§ **WHAT IS REQUIRED**:
Could you copy exactly the lines below from the one with "Pinky Top Shirt" to the one with "HAN THAI 925", inclusive, leaving out any pictures?

§ **MATERIAL SUPPLIED**:
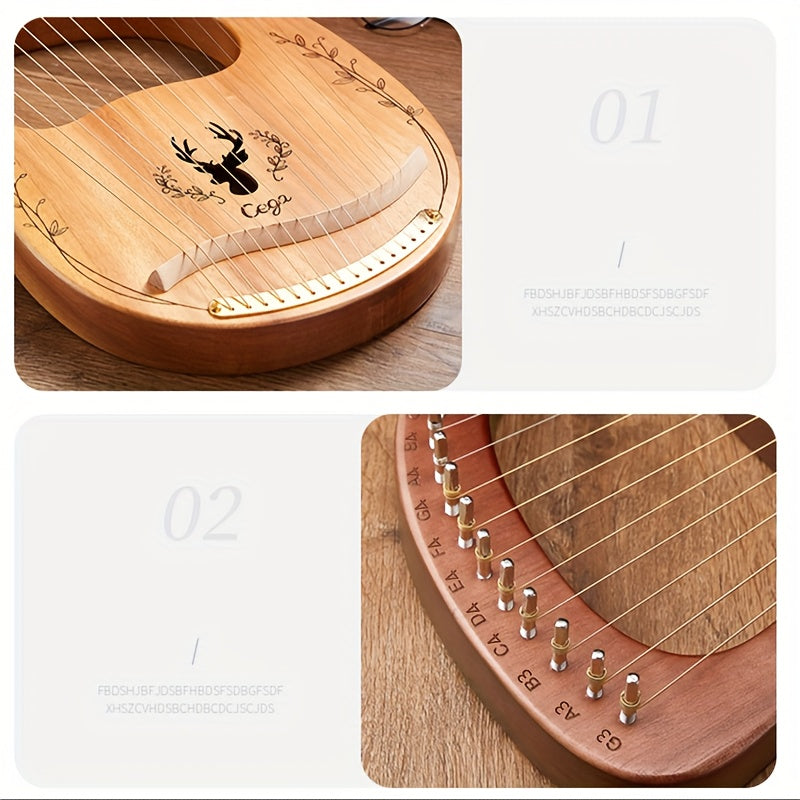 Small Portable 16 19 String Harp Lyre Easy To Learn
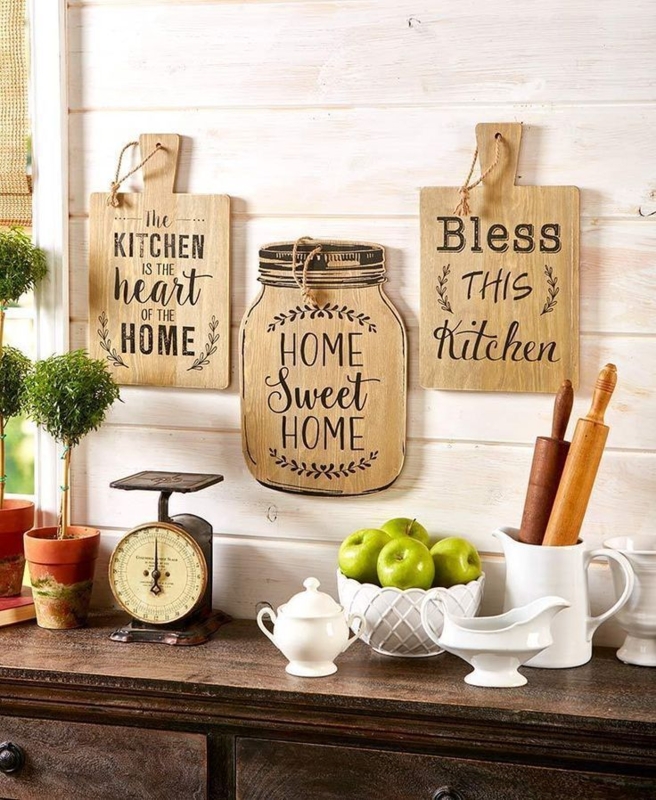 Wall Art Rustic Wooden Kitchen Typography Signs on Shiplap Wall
---
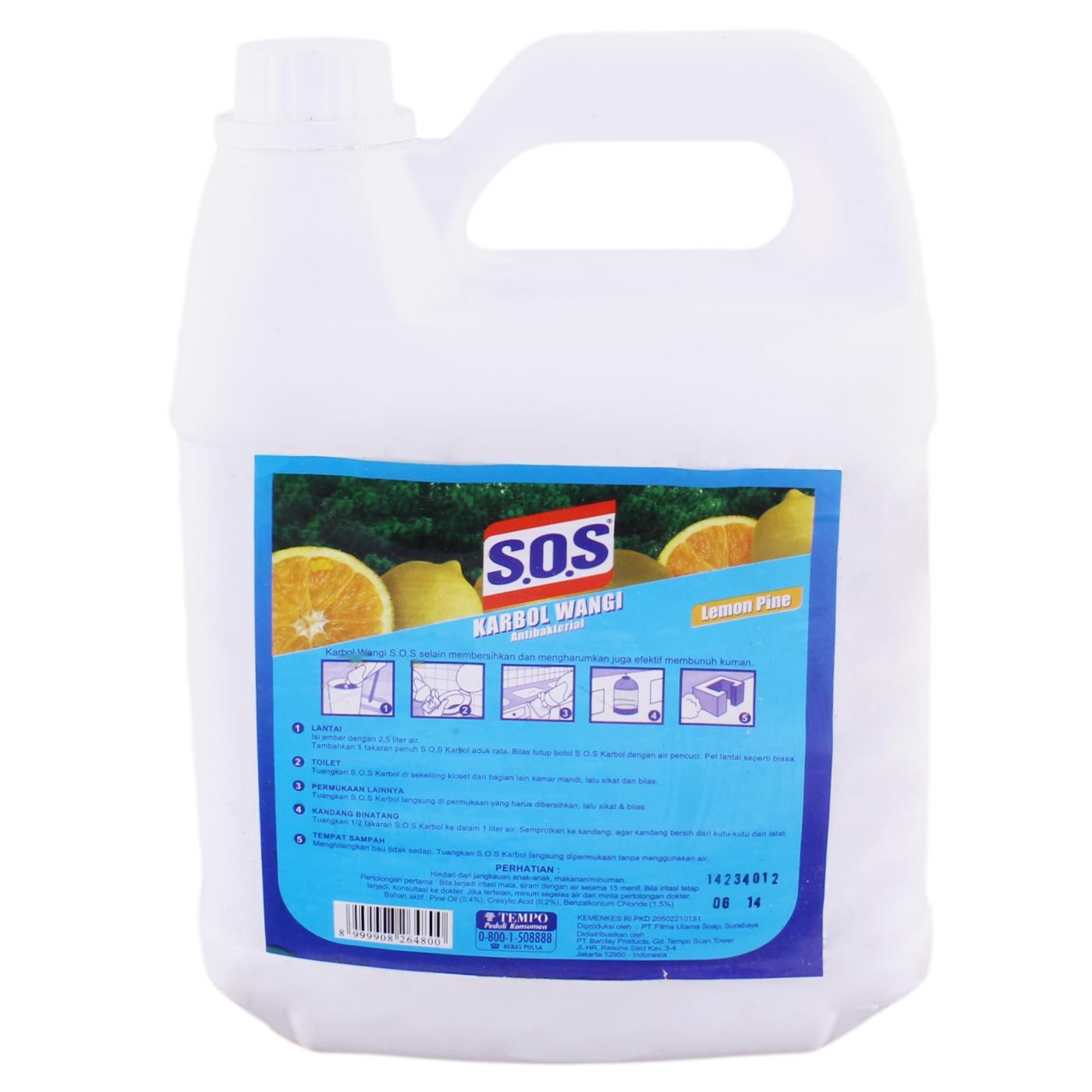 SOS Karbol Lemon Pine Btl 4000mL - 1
* * *
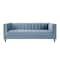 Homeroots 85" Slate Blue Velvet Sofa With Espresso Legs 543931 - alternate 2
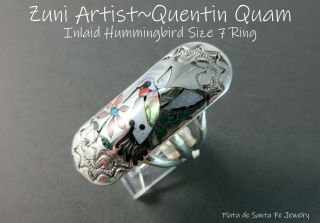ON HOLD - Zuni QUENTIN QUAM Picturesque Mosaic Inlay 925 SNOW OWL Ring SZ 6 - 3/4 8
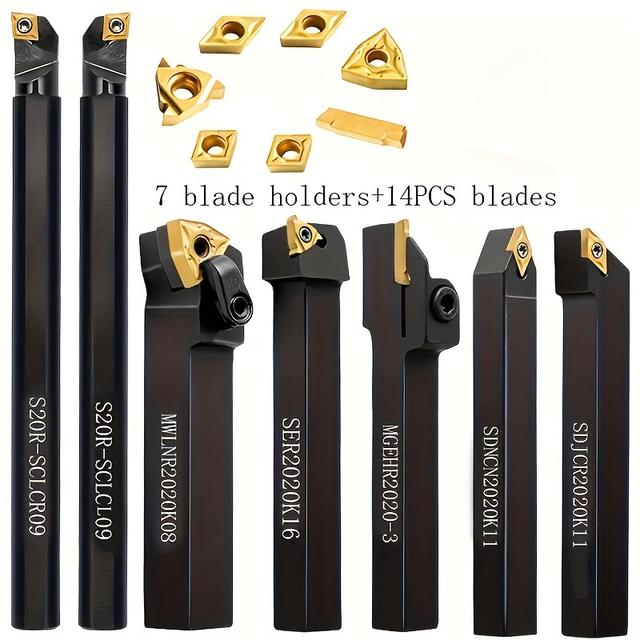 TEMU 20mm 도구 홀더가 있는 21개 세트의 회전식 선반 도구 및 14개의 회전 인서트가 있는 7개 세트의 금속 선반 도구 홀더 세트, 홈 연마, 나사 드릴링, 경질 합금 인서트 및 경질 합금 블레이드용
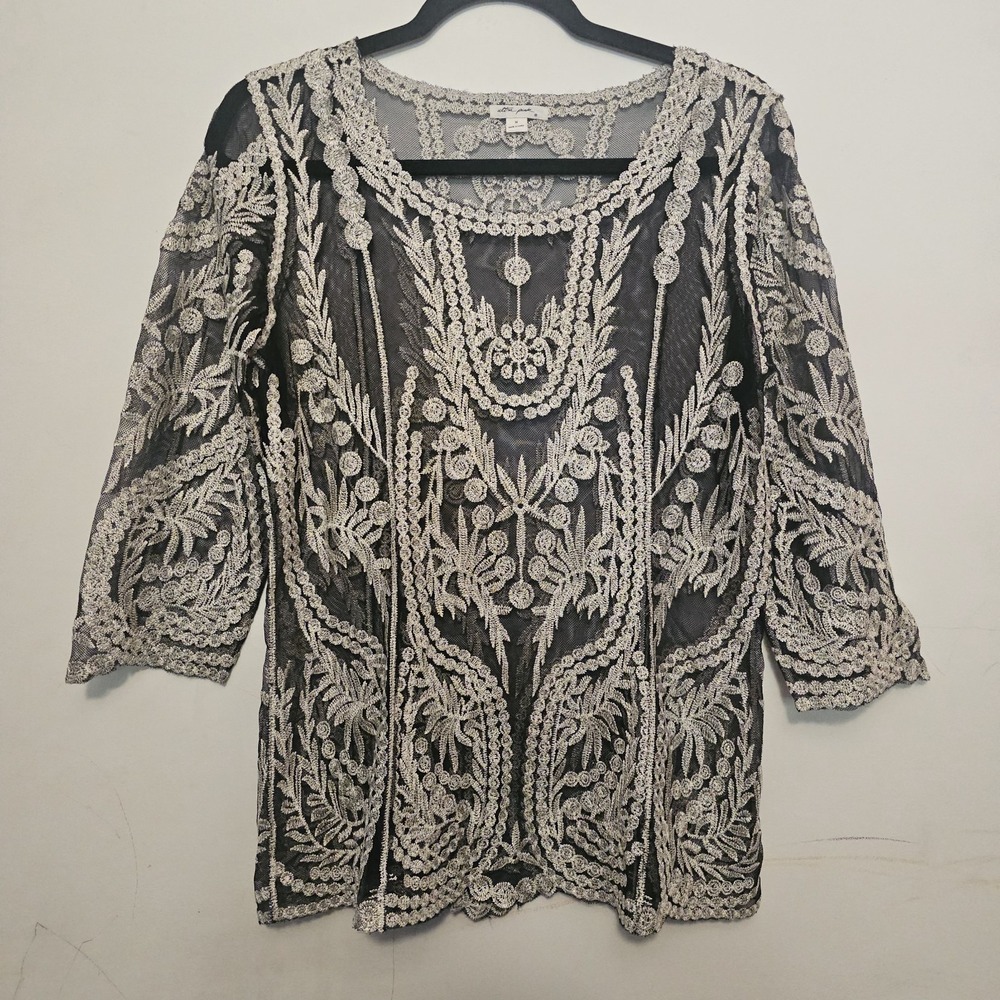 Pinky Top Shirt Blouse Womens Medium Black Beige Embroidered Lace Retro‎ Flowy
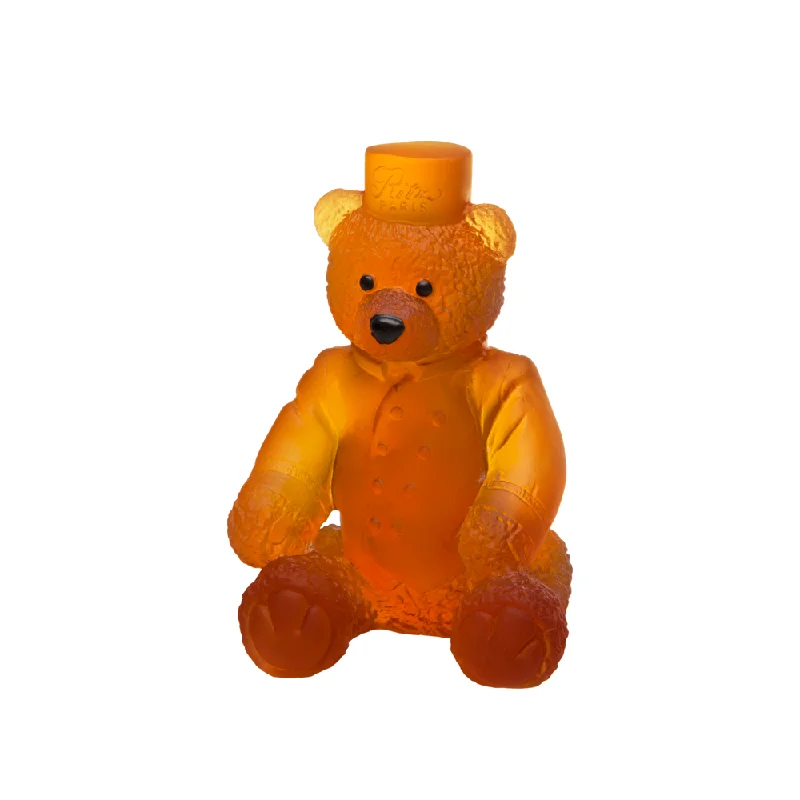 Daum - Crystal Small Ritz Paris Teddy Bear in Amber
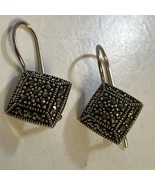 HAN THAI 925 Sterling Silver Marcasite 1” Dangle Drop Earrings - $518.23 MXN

§ **TASK ANSWER**:
 Pinky Top Shirt Blouse Womens Medium Black Beige Embroidered Lace Retro‎ Flowy
 Daum - Crystal Small Ritz Paris Teddy Bear in Amber
 HAN THAI 925 Sterling Silver Marcasite 1” Dangle Drop Earrings - $518.23 MXN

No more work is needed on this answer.